Question: 1) A $1,000 face value bond currently has a yield to maturity of 4.4 percent. The bond matures in 10 years and pays interest semi-annually.
1) A $1,000 face value bond currently has a yield to maturity of 4.4 percent. The bond matures in 10 years and pays interest semi-annually. The coupon rate is 5.0 percent. What is the price today of this bond?
2) Best Western has $1,000 face value bonds outstanding. These bonds pay interest semiannually, mature in 5 years, and have a 4.8 percent coupon rate. The current price is quoted at $972. What is the yield to maturity?
3) XYZ has a $1000 Face Value 4% Coupon Bond (paid semi-annually). The bond is selling for $975.82 today and matures in 10 years. (The YTM today is 4.3%)
a What will be the price of the bond in 1 year (the bonds now have 9 years left until maturity) if
the YTM investors demand in 1 year is still 4.3%?
b) What will be the price of the bond in 1 year (the bonds now have 9 years left until maturity) if the YTM investors demand in 1 year is 4.2%?

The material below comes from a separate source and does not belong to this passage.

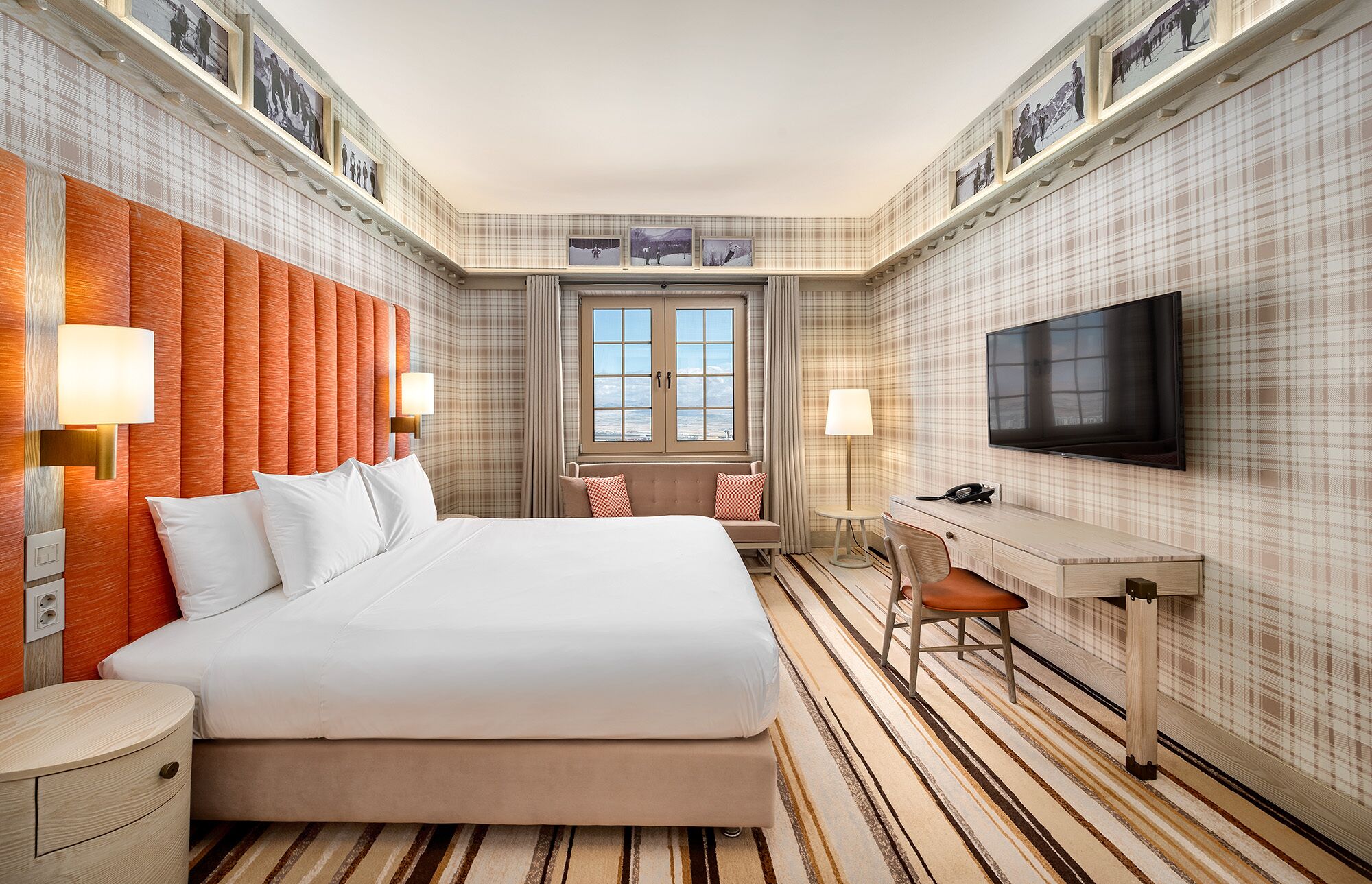 Une chambre d’hôtel avec un grand lit, un bureau, une télévision et une fenêtre donnant sur un beau paysage.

4) ABC Co wants to raise $2 million for an expansion project. The company wants to raise this money by selling zero coupon bonds with a par value (face value) of $1000 that mature in 10 years. These bonds would be sold with a Yield to Maturity of 6.8% per year with semi-annual compounding. How many bonds must ABC sell in order to raise the $2 million dollars?